Ulysses Curtis

Profile
- Position: Running back

Personal information
- Born: May 10, 1926 Albion, Michigan
- Died: October 6, 2013 (aged 87) Toronto, Ontario, Canada

Career information
- College: Florida A&M

Career history
- Toronto Argonauts (1950–1954);

Awards and highlights
- 2× Grey Cup champion (1950, 1952);

= Ulysses Curtis =

American football player (1926–2013)

Ulysses "Crazy Legs" Curtis (May 10, 1926 – October 6, 2013) was an American professional football player who was a running back for the Toronto Argonauts of the Interprovincial Rugby Football Union from 1950 to 1954. He won two Grey Cups with Toronto in 1950 and 1952.

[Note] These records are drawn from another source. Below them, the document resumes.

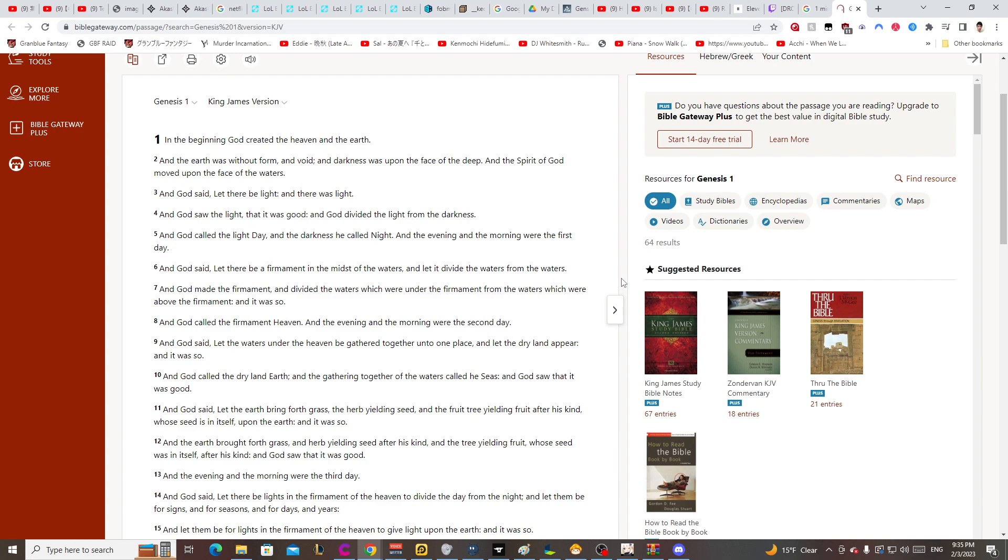And it was so. And God called the firmament heaven and the evening and the morning were the... This is going to be a terrible audio sample. Holy crap.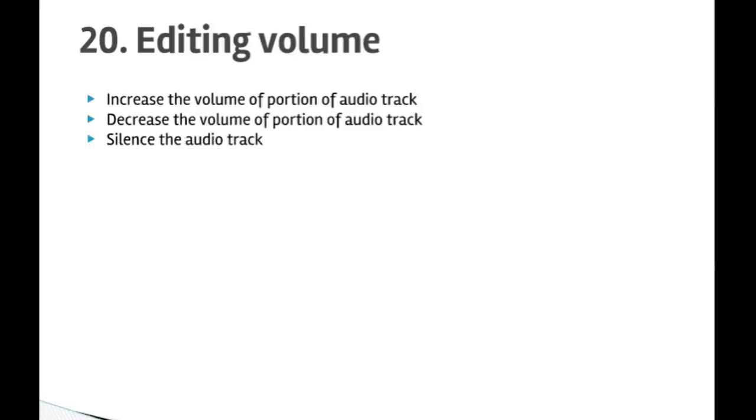Hi friends, welcome to lecture number 20 on editing the volume of the music track or audio track in your video in Power Director. In this lecture you will learn how to increase the volume, how to decrease the volume of a portion of the audio track or entire track, and how to silence the audio track as well.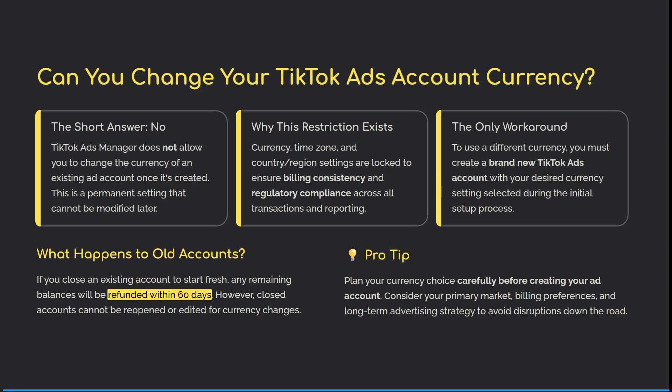Welcome to the channel. The question on your mind: can you change your currency on your TikTok ads account? Well, let's dive in and find out. So, can you actually change your TikTok ads currency? No — that is the short answer. TikTok Ads Manager does not allow you to change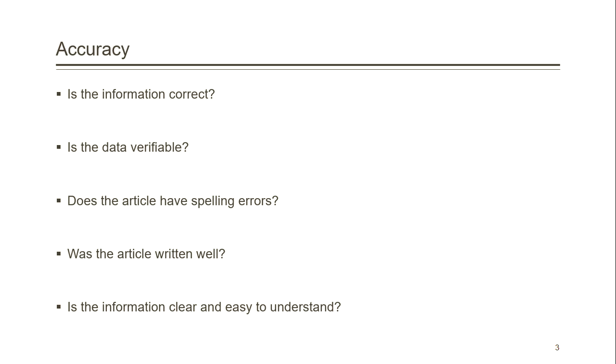Does the article have spelling errors? Was the article written well? Is the information clear and easy to understand?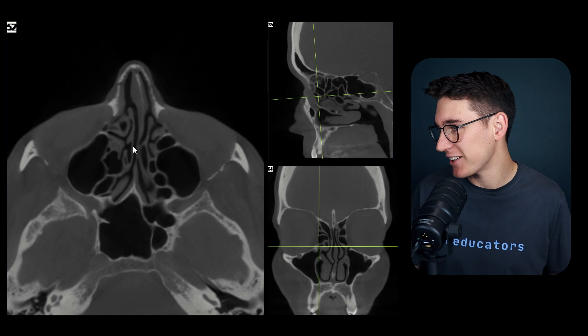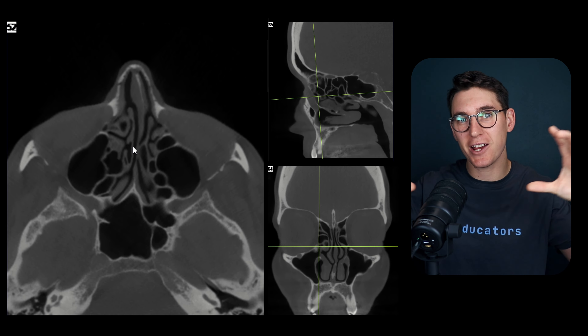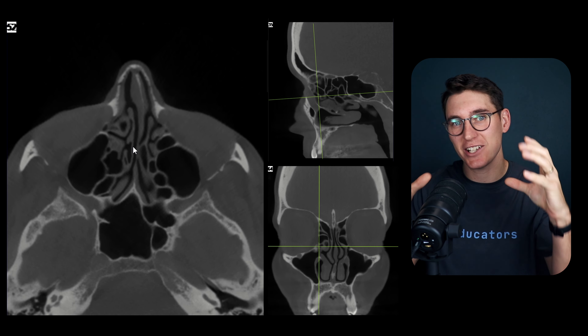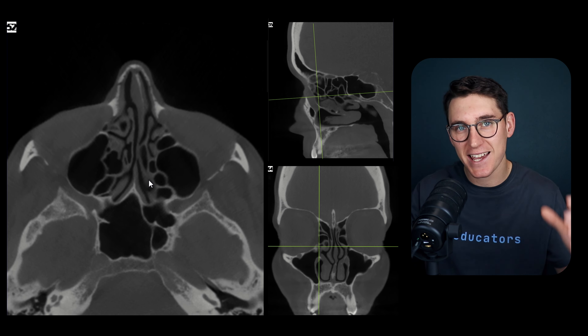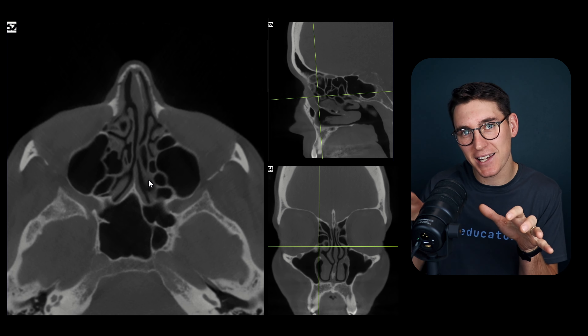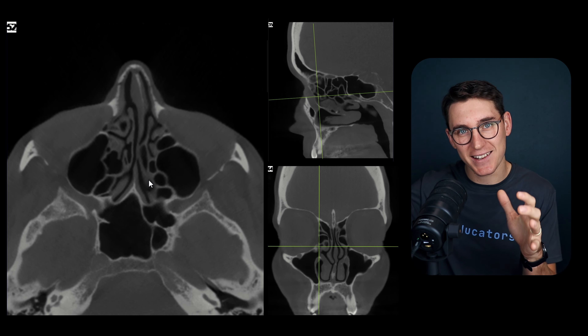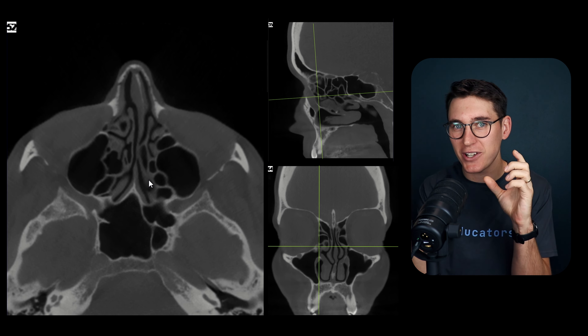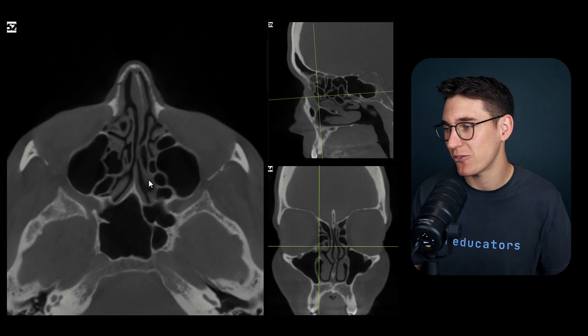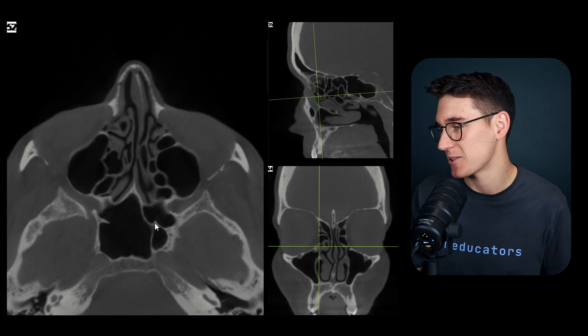The lacrimal bone interacts with the frontal process of the maxillary bone at the lacrimal maxillary suture. Posterior to the lacrimal bone is the ethmoid bone's lamina papyracea, making up the rest of the medial border of the orbit. That covers the superior and anterior facial bones. Now let's look at the palatine bone and sphenoid bone and how they create unique facial structures.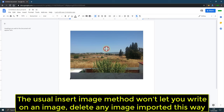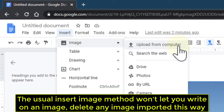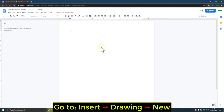The usual insert image method won't let you write on an image, so delete any image imported this way. Go to Insert, Drawing, New.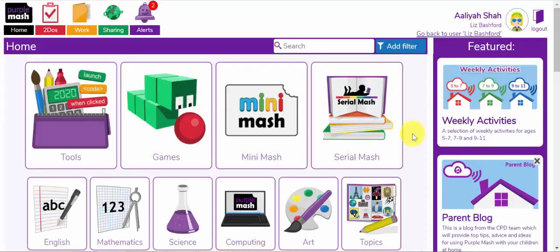Hello and welcome to this video which aims to show you how you can share offline files in various ways using PurpleMesh. With a lot of children using PurpleMesh for homeschooling purposes, their teachers quite often are asking them to upload and share some content such as videos, photos, Word documents and so on. I'll show you the different ways in which you can do this within PurpleMesh.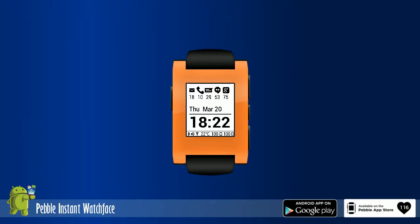Meet Pebble Instant. It's based on the Simplicity stock face and enhances this experience by displaying key information from your cell phone. It's available on the Pebble App Store and requires an Android companion app.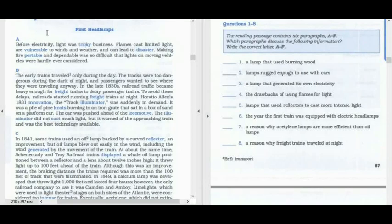Good day, good afternoon. Today we are going to proceed with our Essential Words for the IELTS, Unit 3, Text 1. On the left-hand side we have the text, on the right-hand side we have questions related to this text. Let's read the task.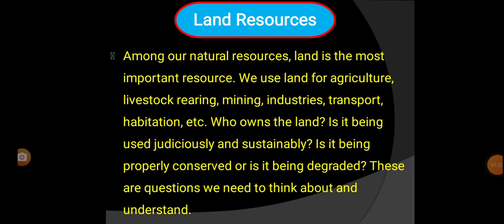Land Resources — the first paragraph: Among natural resources, land is the most important resource. We use land for agriculture, livestock rearing, mining, industries, transport, habitation, etc. Who owns the land? Is it being used judiciously and sustainably? Is it being properly conserved or is it being degraded? These are questions we need to think about and understand.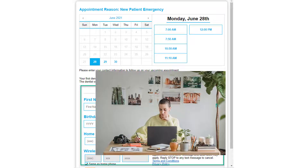People are busy. When you can't answer your phone, are they going to wait and call back later? Are they going to call the guy down the street? Or are you going to give them the opportunity to schedule their own appointment 24 hours a day?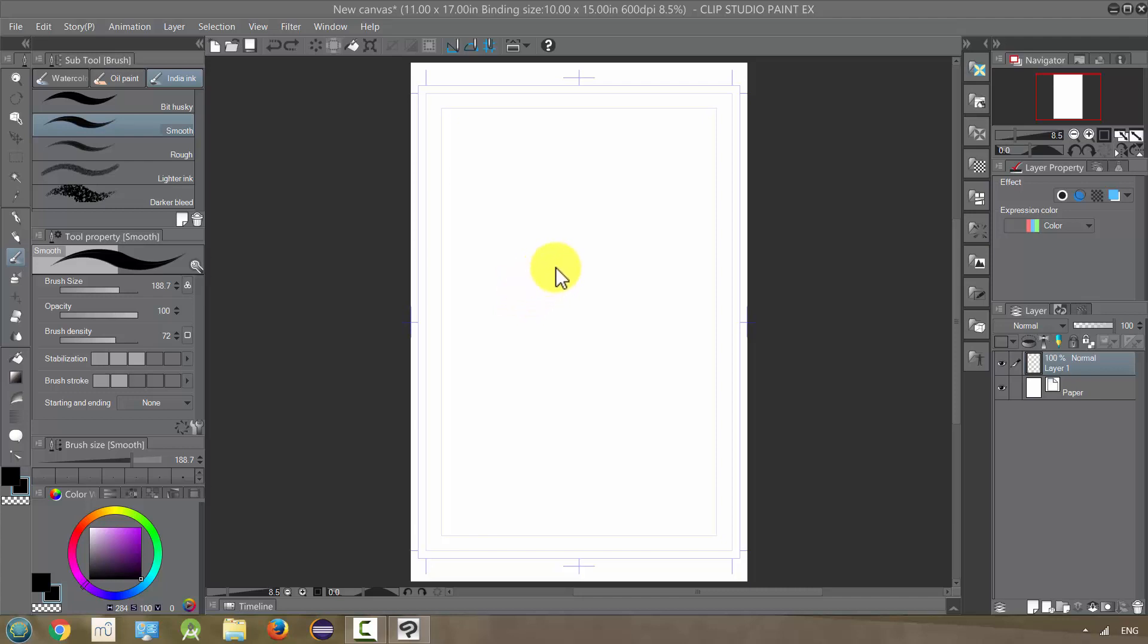Now it is time to take a look at the marquee tool. These are tools that are going to let us select a portion of the canvas to limit the actions that we're taking, whether it's inking or coloring or whatever. It's going to limit it to just part of the canvas.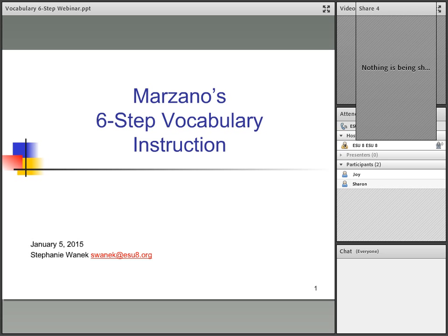Hi, everyone. Thanks for joining me today. I'm Steph Wannick at ESU 8. I'm a staff developer here, and today we're going to be talking about Marzano's six-step vocabulary instruction. Thanks for joining me, Joy and Sharon.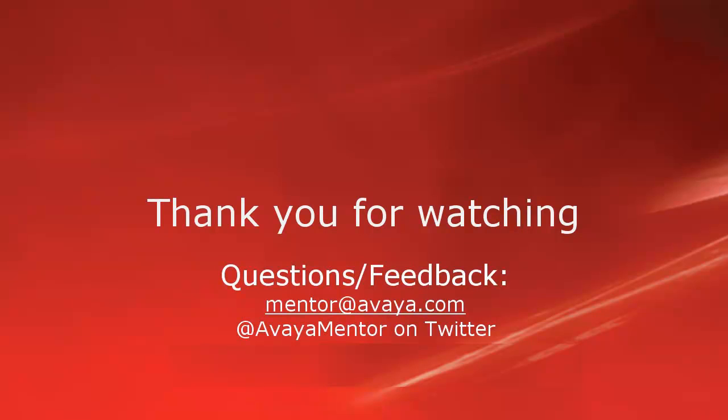Thank you for your time today. We hope this information was helpful. We welcome your comments, questions, and feedback at mentor@avaya.com or on Twitter at AvayaMentor.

Curtis was long considered the Argonauts' first black player. On February 2, 2021, it was revealed that Curtis was only their second ever black player after Ken Whitlock, a halfback and kicker who played only four games for the Argonauts in 1948.

Curtis is sixth on the Argonauts all-time career touchdown list with 47 touchdowns, fourth on the Argos all-time rushing list with 3,712 yards on 529 carries, second on the Argos all-time list with most yards in a game with 208 yards, and third on the team list of most 100-yard rushing games with 12.

After retirement from football, Curtis remained in Toronto and raised his family. He owned a cleaning business and later became a teacher and coach in the North York Board of Education. In 1959 he coached the North York Knights, a team that played in the national Canadian Junior Football championships. He also helped coach the York University football team in the 1960s.

He was named to the Toronto Argonauts All-Time Argos List in 2005.

Curtis died October 6, 2013, in Toronto.